If he is such an “ally,” why didn’t he greet his “ally,” President Obama, on arrival at the Havana airport?

Are Obama and Castro in fact “allies,” or do they have completely different expectations as to how this process should work, what benefits it should bring to each of them, what benefits it should bring to Cuban and America citizens, and what should the final outcome be for Cuba and for the United States?

Do Americans in general have the same expectations as Raul Castro as to the normalization process and its final outcome, whether they support normalization or not?

If President Obama and Americans in fact have quite different ideas and expectations, could they be considered Raul Castro’s “ally of new era in US-Cuba ties”?

Is it possible that Raul Castro wants to take advantage of the normalization to strengthen his own grip on power with the help of new American investments and will try to block any U.S. initiatives he thinks would undermine him and his regime?
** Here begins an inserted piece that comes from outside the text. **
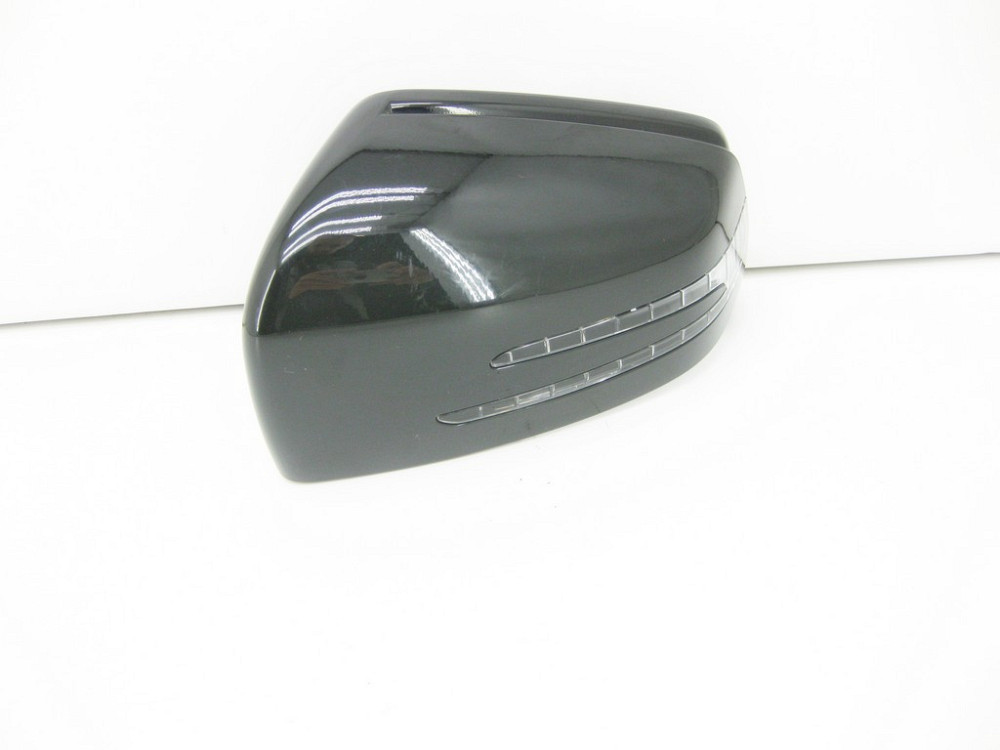 Mercedes-Benz  A1668109900 Кришка - облицювання лівого дзеркала з повторювачем повороту R-class short W251 ML/GLE W166 GLE Coupe C292 GL/GLS X166 R-cl Одесса - изображение 3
Is it possible that President Obama’s “ally of new era in US-Cuba ties” in fact does not want to do many of the things that Obama and American people would want him to do?

Did the Voice of America misunderstood U.S. foreign policy in posting this headline?

Did VOA send a wrong message and confuse foreign audiences?

Is this what U.S. public diplomacy message, if there is one, should be?

Would the Obama White House and the U.S. State Department agree with this Voice of America headline?

Would even Americans who support normalization of relations with Cuba agree with this Voice of America headline?

Just asking. But our guess is that neither the White House nor the U.S. State Department would agree that Raul Castro is in fact President Obama’s “ally of new era of US-Cuba ties,” as the Voice of America has put it, nor would they want to use such language and send such a message to the world.

Perhaps this kind of editorializing should have been left out of VOA headlines altogether. But if editorialize we must, some cynics might say that a more accurate description of Raul Castro would be “a cunning exploiter of new era of US-Cuba ties.” We are dealing after all with a dictator.

Can the President of the United States be an ally of a ruthless dictator when neither country is facing the same mortal enemy in war? Perhaps not. One could say that President Franklin Roosevelt and Soviet dictator Joseph Stalin were allies during WWII, but that was a considerably different situation. The Voice of America and some U.S. media engaged at that time in unfortunate propaganda suggesting that both governments shared essentially the same democratic values and goals, which was, and certainly turned out to be, completely wrong.

Words do matter and they should be used carefully.